I looked at Samia, who whisked a penknife out of Baji’s reach. Very reassuring.

‘Oh, Dadi,’ I said, waving my hands vaguely. ‘You know.’

‘No, I don’t. I haven’t seen her since Partition.’

‘Oh, that’s right. Partition.’ I wondered if ripping off my clothes and doing the bhangra would help steer this conversation towards less disastrous paths. ‘Not a lot of interesting words that rhyme with Partition. I wanted to write a ghazal, in English, for a class. With Partition as the rhyme. Partition. Ma’s mission. Pa’s wishin’. Turns into a country and western song. Allowing for half-rhymes isn’t too rewarding either. Partition. Fruition. Revision. Condition.’

‘Division,’ Baji said.

‘Mauritian,’ said Samia, and saved the day.

Baji leant back against the cushions and smiled at me, not altogether pleasantly. ‘For Samia’s sake, I won’t say anything else on the subject. Except that if you ever write a poem about Partition, it must be a lament.’

‘A ghazal,’ I said, determined not to back down before her. ‘It was to be a ghazal. And one of the reasons I love ghazals is that the mood can change entirely from one couplet to the next. Isn’t that how it always is? One person’s lament can be someone else’s elegy.’ Masood once told me that his grandmother walked over a hundred miles to reach Pakistan in August 1947, and when she arrived in her new homeland she fell to her knees and kissed the ground so repeatedly that the dust of Pakistan was permanently lodged in her throat and for the rest of her life she could not breathe deeply without coughing. When, years later, a doctor said he could cure her of the cough she threatened to break his legs. Who was Baji to imply that Masood’s grandmother’s story was not worth celebrating?

‘My brother died in a communal riot just after Partition. Your grandparents, and all those other Dard-e-Dils who leapt on to the Pakistan bandwagon, had left by then, were in Karachi; so my brother died in their place.’

‘In their place?’

‘He died for what they believed in.’

She was making it up. I knew that with utter certainty. None of the Dard-e-Dils died in the Partition riots; they either left for Pakistan in first-class style, with armed convoys or in the safety of aeroplanes, or they stayed within the four walls of the palace in Muslim-majority Dard-e-Dil until the worst of the troubles died down.

‘He was my half-brother,’ Baji said, very softly. ‘We had different fathers. I hardly ever spoke to him. He was not royal, you see. He was not too grand to be killed in something as common as a riot.’

Why weren’t any of the windows open? I could barely breathe.

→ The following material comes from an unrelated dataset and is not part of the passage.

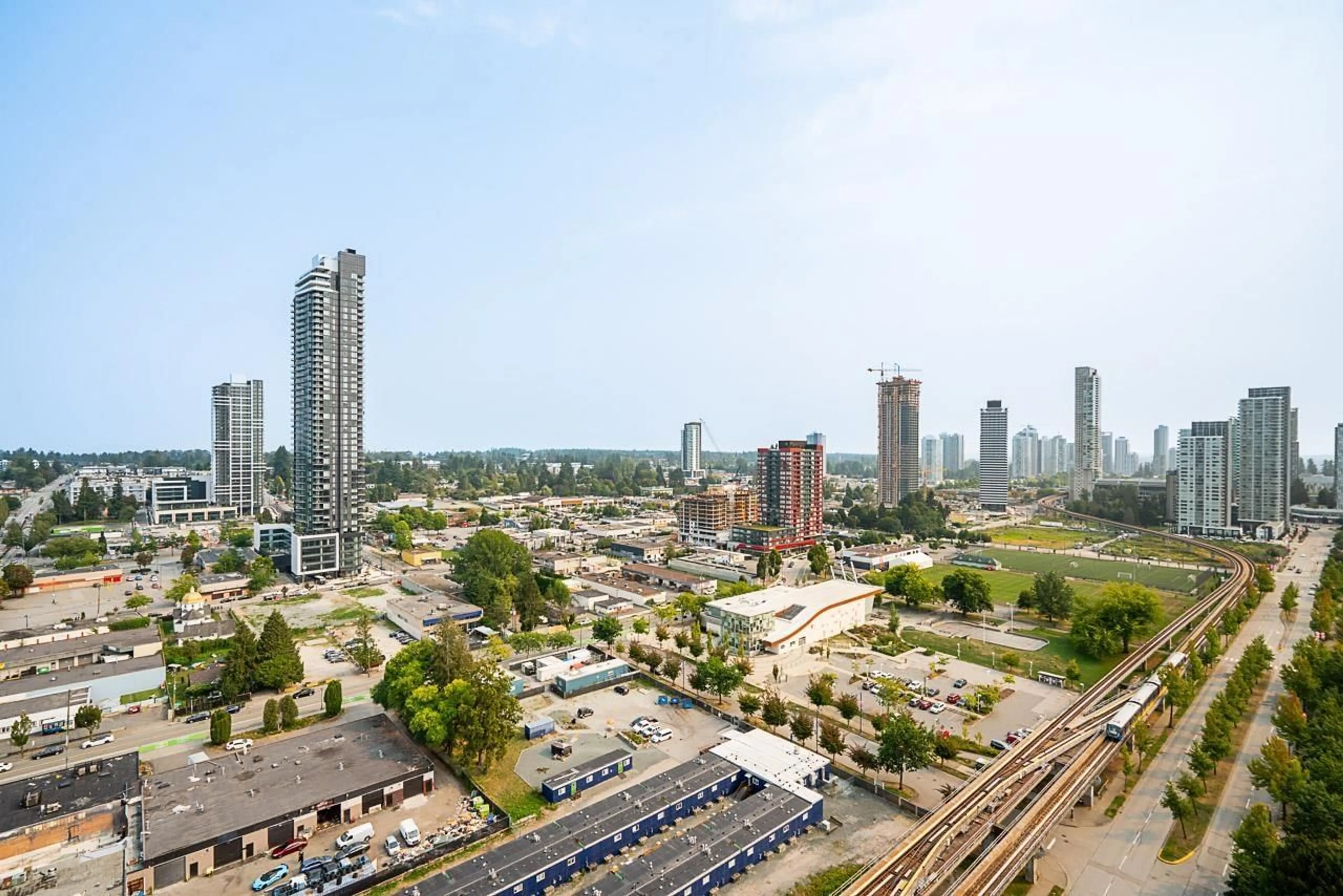 A pic from outside/outdoor area/front of a property/back of a property/a pic from drone, city buildings view from balcony for 2501 - 10777 UNIVERSITY DRIVE, Surrey British Columbia V3T0E6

The doorbell rang and even Baji looked relieved by the interruption. Stinky (or was it Smelly) charged out of his room and into the drawing room, leapt over one table, rolled under another, somersaulted over a third, unlocked the front door and leapt, rolled, flipped back into his room before the bellringer had quite finished entering the flat.

‘Rehana Apa!’ Samia kissed the newcomer — a younger version of Baji, but with hair halfway down her back. Her elbows were quite ordinary.

‘My granddaughter,’ Baji said to me. And then to Rehana, ‘This is Aliya.’ Rehana Apa smiled at me, a lovely smile, and embraced me.

‘These cousinly demonstrations can wait until later,’ Baji said. ‘Rehana, why don’t you bring it out?’

It? I thought. Tea?

‘Can I help?’ I said.

‘Not if the past is anything to go by,’ was Baji’s response.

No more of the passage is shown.